TRY IT
Take the line containing "首批移民使用移動應(yīng)用程序從墨西哥進入美國" and every line after it to the end of the records, and copy them exactly, leaving out pictures.

TASK INPUTS
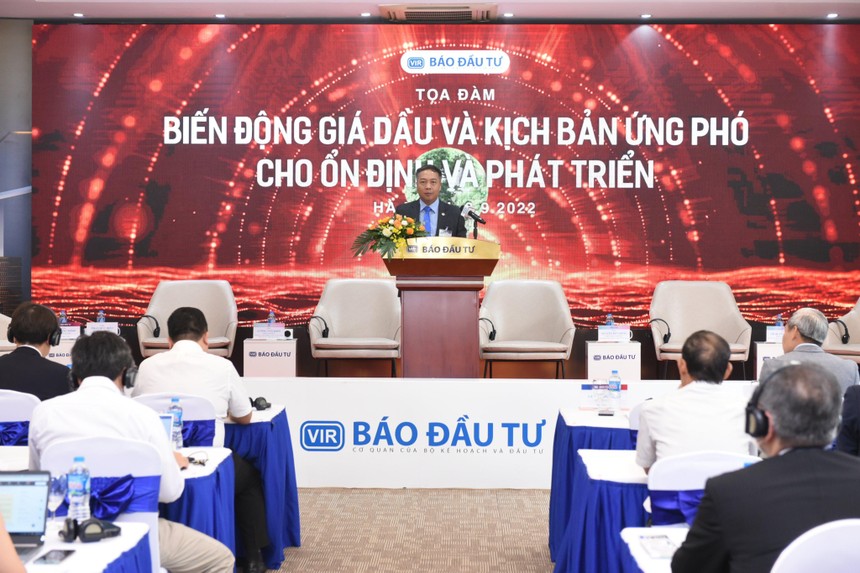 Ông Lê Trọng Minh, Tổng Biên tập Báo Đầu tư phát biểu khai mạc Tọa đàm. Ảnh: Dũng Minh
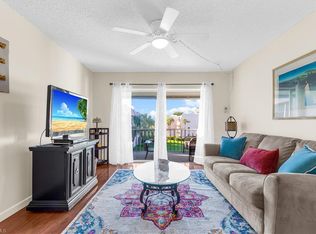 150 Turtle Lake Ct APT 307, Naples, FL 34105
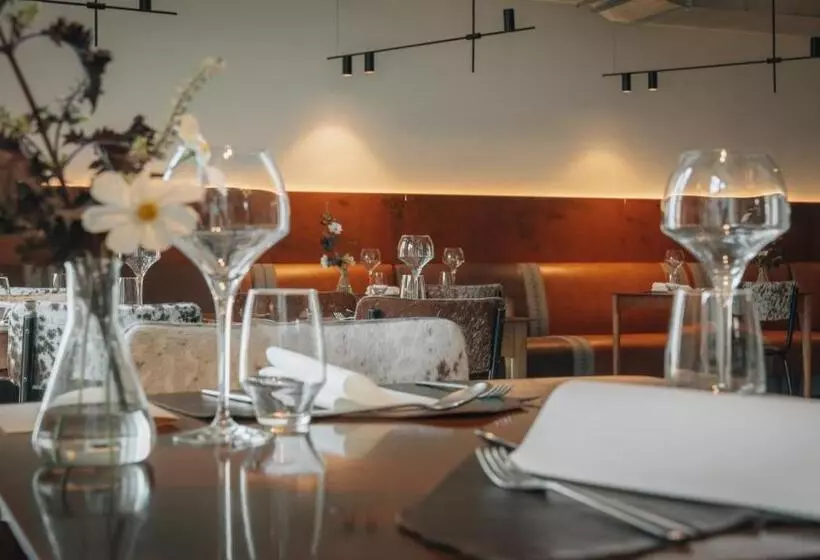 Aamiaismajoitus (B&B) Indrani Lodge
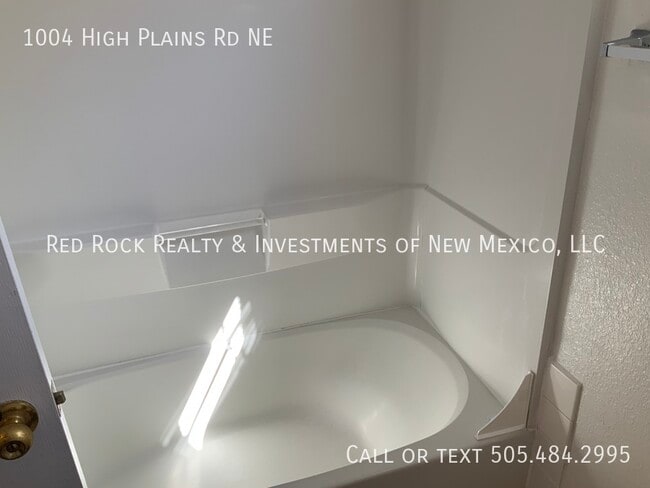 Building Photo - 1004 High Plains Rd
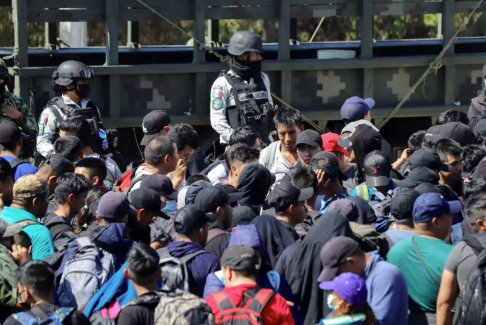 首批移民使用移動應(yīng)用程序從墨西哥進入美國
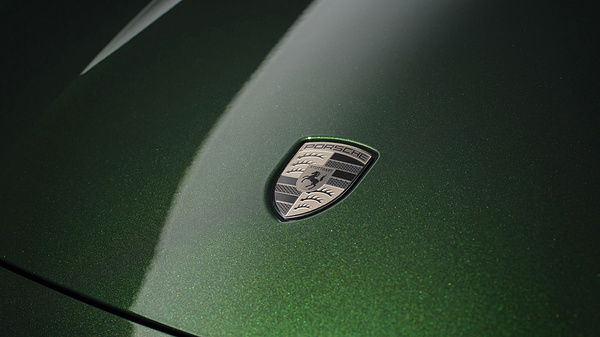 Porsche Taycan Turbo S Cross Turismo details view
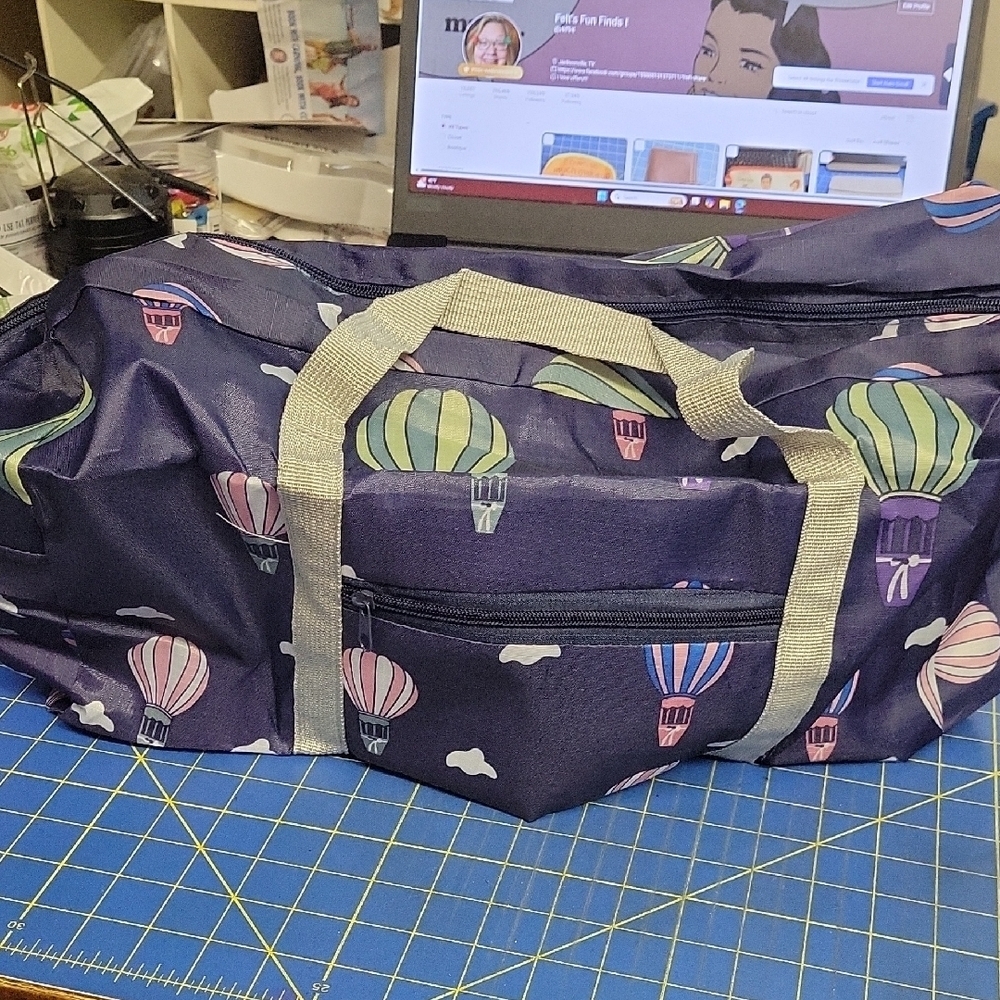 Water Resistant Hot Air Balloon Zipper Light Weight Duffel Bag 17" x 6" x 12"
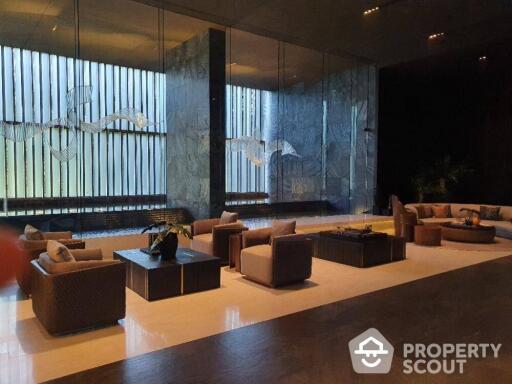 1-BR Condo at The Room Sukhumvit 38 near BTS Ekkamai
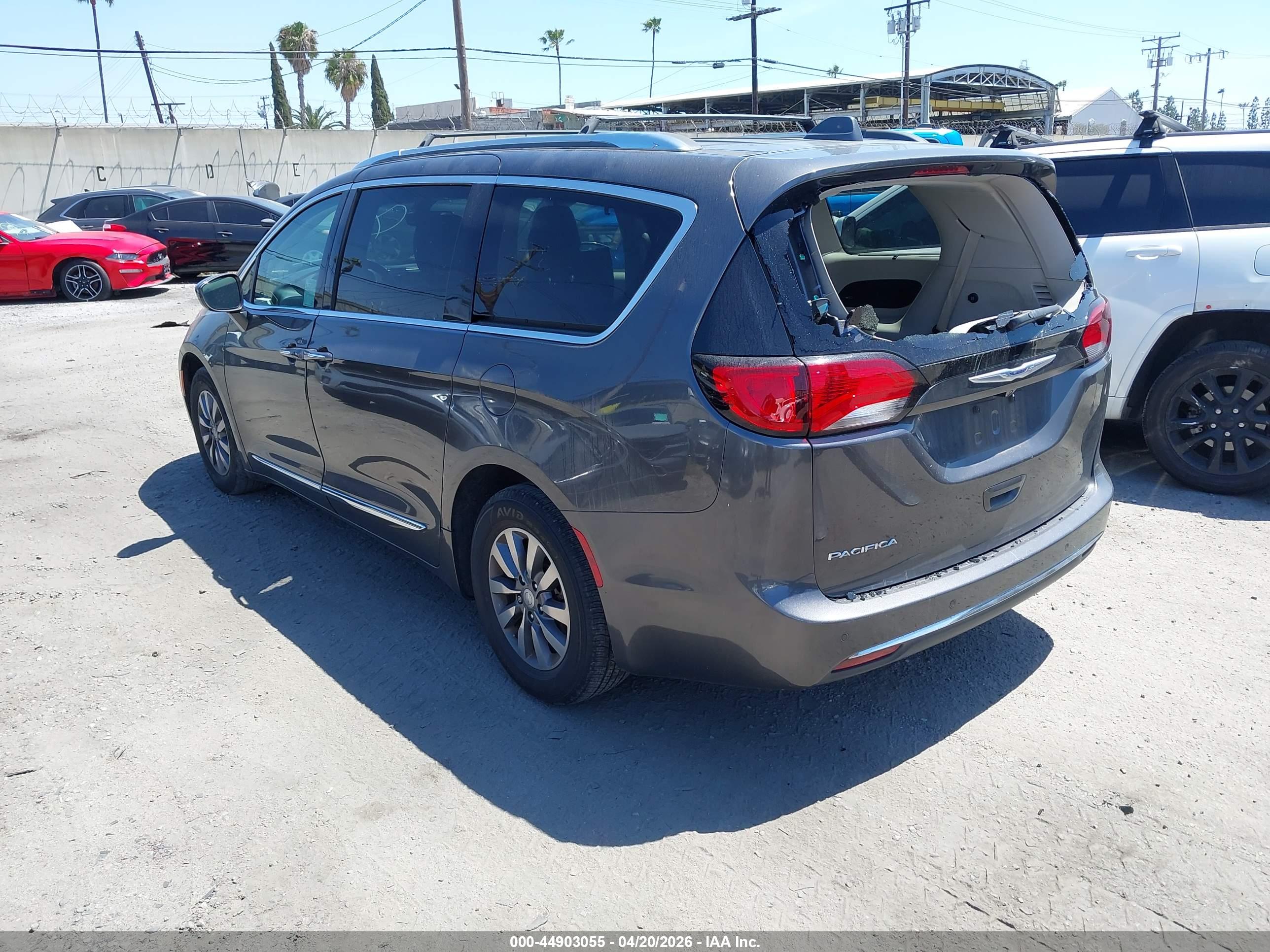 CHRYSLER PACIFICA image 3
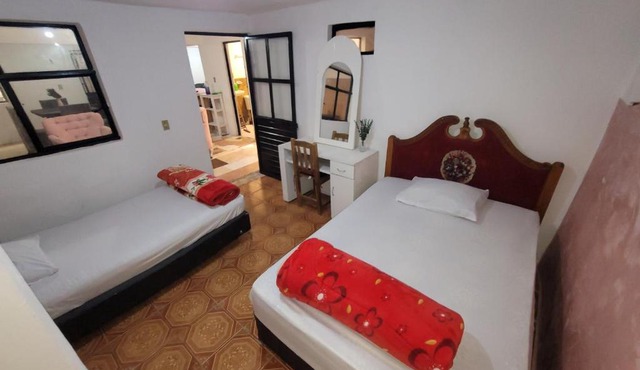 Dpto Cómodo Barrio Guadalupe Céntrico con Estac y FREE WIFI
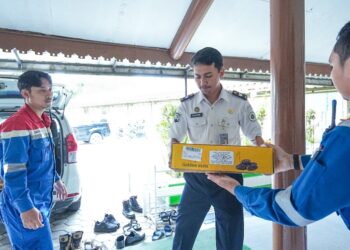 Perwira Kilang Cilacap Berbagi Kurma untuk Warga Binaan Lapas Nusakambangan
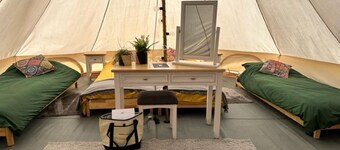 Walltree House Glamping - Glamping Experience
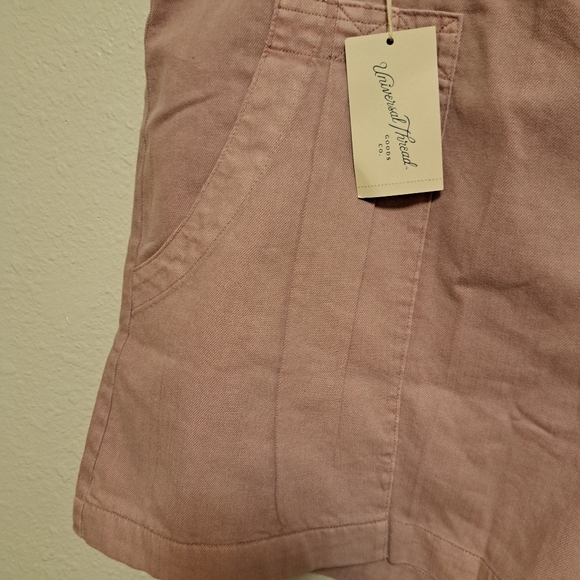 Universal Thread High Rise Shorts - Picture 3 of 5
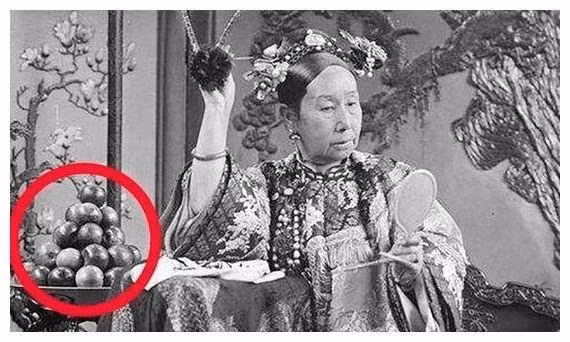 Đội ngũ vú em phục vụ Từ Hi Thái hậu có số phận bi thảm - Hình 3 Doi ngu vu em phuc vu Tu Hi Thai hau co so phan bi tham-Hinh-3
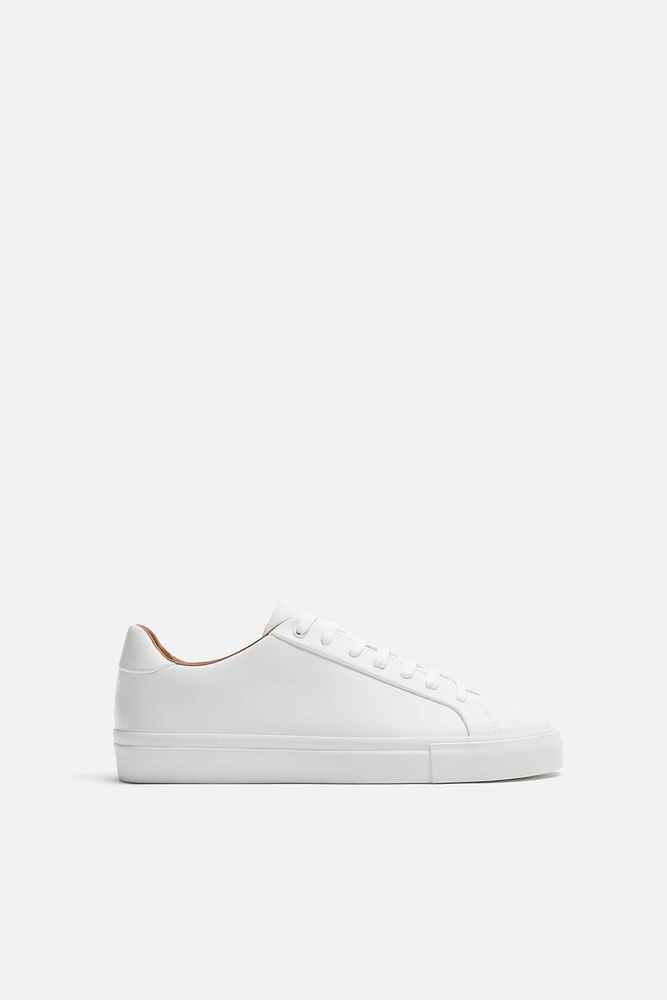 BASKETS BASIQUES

FINISHED TASK
 首批移民使用移動應(yīng)用程序從墨西哥進入美國
 Porsche Taycan Turbo S Cross Turismo details view
 Water Resistant Hot Air Balloon Zipper Light Weight Duffel Bag 17" x 6" x 12"
 1-BR Condo at The Room Sukhumvit 38 near BTS Ekkamai
 CHRYSLER PACIFICA image 3
 Dpto Cómodo Barrio Guadalupe Céntrico con Estac y FREE WIFI
 Perwira Kilang Cilacap Berbagi Kurma untuk Warga Binaan Lapas Nusakambangan
 Walltree House Glamping - Glamping Experience
 Universal Thread High Rise Shorts - Picture 3 of 5
 Đội ngũ vú em phục vụ Từ Hi Thái hậu có số phận bi thảm - Hình 3 Doi ngu vu em phuc vu Tu Hi Thai hau co so phan bi tham-Hinh-3
 BASKETS BASIQUES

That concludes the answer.